Arcade Trackball

While browsing my favorite local surplus store with Jay and Pat, Jay spotted a box full of old 3" arcade trackballs. Jay was all like "there is a box of arcade trackballs over there" and I was all like "shit yeah, I must have one".

Just as I hoped, when I opened it up all the sensors where in place.


That plug is funny lookin'

Yup this thing needs some more guts in order to work with some sort of MAME device (PowerBook, PC, XBox...). I went digging in my junk box and found this little gem!

It's a hand held USB trackball (Fellowes Micro Track) and I bought it from a bargain bin some time ago. A few google searches shows lots of online retails that carry this mouse for around $15 US.
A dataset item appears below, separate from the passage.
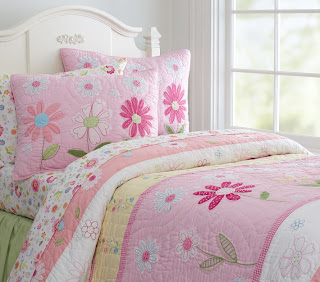 Pottery Barn Kids Pink Garden Daisy Quilt | Decor Look Alikes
The insides look like this. The circuit board is nice and tinny and should tuck right inside the arcade trackball just nice. If you look closely at the rollers that the trackball rides on, you'll see that it has some black discs with an array of teeth around them. As these teeth pass between both a light emitter and a receiver motion is detected. Mike Coates has published a nice guide on how to use a mouse to interface an arcade trackball with a PC and he recommends finding mouse internals with the same pitch of light to dark (ie: ratio of tooth width to space between teeth) as what the arcade trackball has. I choose to skip that and just start soldering.

Wiring it all up

A bit of tracing with a multi-meter and I found all the solder points I was interested in. I am essentially replacing the light receivers on the mouse circuit with the ones in the arcade trackball. The arcade trackball has 4 wires coming from each circuit. The X-axis circuit on mine has red, black, green and yellow. The Y-axis has red, black, blue and grown. Black and red represent ground and +5v as usual but I'm not sure what the other colours do. However through some testing and a bit of trial and error I figured out where they need to go.

This mouse has a translucent component and a black component for each axis so I assumed the black component is the receiver. De-solder the receivers and solder in some light gauge wire from the junk pile. I re-used the molex plugs from the arcade trackball wiring by cutting off the plug and soldering the light wires to it (finishing off with a bit of shrink wrap). I didn't bother removing the light emitters from the mouse circuit. I don't know if this makes a difference or not.

Finish up by de-soldering the small PCB that contains the left mouse button and your trackball mouse guts are ready to go.


All done!

USB Arcade Joystick in all its glory, inside and out.


Caveats

In the picture of the arcade trackball internals, you might have noticed some deep groves in the roller pins. As it turns out, these groves cause the trackball to veer of course when you're going for that really long drive in "Golden Tee 98". I'm looking at having some new rollers machined and sourcing some new bearing to see if this helps the situation.